▶ THE PROBLEM
Please retype the records that appear below, exactly and in full.

Crawled caption data
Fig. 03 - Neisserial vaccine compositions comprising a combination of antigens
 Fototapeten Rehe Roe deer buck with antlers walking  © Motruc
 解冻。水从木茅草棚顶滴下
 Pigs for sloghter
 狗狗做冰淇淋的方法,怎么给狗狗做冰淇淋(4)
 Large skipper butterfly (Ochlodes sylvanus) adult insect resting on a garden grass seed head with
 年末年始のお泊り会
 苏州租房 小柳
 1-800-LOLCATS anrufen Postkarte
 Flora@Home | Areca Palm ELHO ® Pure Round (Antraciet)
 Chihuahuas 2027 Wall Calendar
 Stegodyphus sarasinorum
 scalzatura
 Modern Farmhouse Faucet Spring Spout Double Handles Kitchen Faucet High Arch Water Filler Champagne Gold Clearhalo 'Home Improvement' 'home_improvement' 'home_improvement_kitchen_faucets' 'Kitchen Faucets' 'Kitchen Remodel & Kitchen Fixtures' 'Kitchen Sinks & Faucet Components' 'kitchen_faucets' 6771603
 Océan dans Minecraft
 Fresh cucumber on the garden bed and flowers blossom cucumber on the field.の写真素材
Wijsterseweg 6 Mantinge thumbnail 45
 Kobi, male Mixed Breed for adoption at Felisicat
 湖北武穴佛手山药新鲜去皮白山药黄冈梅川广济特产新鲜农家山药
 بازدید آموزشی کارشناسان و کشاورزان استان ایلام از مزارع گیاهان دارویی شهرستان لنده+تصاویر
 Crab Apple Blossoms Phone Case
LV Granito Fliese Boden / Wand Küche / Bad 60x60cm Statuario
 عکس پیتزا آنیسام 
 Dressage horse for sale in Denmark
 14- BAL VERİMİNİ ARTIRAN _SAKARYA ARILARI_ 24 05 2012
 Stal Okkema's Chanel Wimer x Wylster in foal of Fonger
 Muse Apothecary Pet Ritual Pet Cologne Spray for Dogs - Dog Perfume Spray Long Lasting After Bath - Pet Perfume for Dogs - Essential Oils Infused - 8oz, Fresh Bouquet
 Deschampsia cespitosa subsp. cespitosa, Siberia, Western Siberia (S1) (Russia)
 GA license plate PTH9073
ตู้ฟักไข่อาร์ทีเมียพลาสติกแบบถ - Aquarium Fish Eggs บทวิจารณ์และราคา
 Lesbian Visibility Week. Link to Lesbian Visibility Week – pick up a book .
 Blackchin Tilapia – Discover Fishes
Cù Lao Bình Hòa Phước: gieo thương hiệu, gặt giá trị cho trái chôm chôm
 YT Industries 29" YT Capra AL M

▶ EXERCISE SOLUTION
Fig. 03 - Neisserial vaccine compositions comprising a combination of antigens
 Fototapeten Rehe Roe deer buck with antlers walking  © Motruc
 解冻。水从木茅草棚顶滴下
 Pigs for sloghter
 狗狗做冰淇淋的方法,怎么给狗狗做冰淇淋(4)
 Large skipper butterfly (Ochlodes sylvanus) adult insect resting on a garden grass seed head with
 年末年始のお泊り会
 苏州租房 小柳
 1-800-LOLCATS anrufen Postkarte
 Flora@Home | Areca Palm ELHO ® Pure Round (Antraciet)
 Chihuahuas 2027 Wall Calendar
 Stegodyphus sarasinorum
 scalzatura
 Modern Farmhouse Faucet Spring Spout Double Handles Kitchen Faucet High Arch Water Filler Champagne Gold Clearhalo 'Home Improvement' 'home_improvement' 'home_improvement_kitchen_faucets' 'Kitchen Faucets' 'Kitchen Remodel & Kitchen Fixtures' 'Kitchen Sinks & Faucet Components' 'kitchen_faucets' 6771603
 Océan dans Minecraft
 Fresh cucumber on the garden bed and flowers blossom cucumber on the field.の写真素材
Wijsterseweg 6 Mantinge thumbnail 45
 Kobi, male Mixed Breed for adoption at Felisicat
 湖北武穴佛手山药新鲜去皮白山药黄冈梅川广济特产新鲜农家山药
 بازدید آموزشی کارشناسان و کشاورزان استان ایلام از مزارع گیاهان دارویی شهرستان لنده+تصاویر
 Crab Apple Blossoms Phone Case
LV Granito Fliese Boden / Wand Küche / Bad 60x60cm Statuario
 عکس پیتزا آنیسام 
 Dressage horse for sale in Denmark
 14- BAL VERİMİNİ ARTIRAN _SAKARYA ARILARI_ 24 05 2012
 Stal Okkema's Chanel Wimer x Wylster in foal of Fonger
 Muse Apothecary Pet Ritual Pet Cologne Spray for Dogs - Dog Perfume Spray Long Lasting After Bath - Pet Perfume for Dogs - Essential Oils Infused - 8oz, Fresh Bouquet
 Deschampsia cespitosa subsp. cespitosa, Siberia, Western Siberia (S1) (Russia)
 GA license plate PTH9073
ตู้ฟักไข่อาร์ทีเมียพลาสติกแบบถ - Aquarium Fish Eggs บทวิจารณ์และราคา
 Lesbian Visibility Week. Link to Lesbian Visibility Week – pick up a book .
 Blackchin Tilapia – Discover Fishes
Cù Lao Bình Hòa Phước: gieo thương hiệu, gặt giá trị cho trái chôm chôm
 YT Industries 29" YT Capra AL M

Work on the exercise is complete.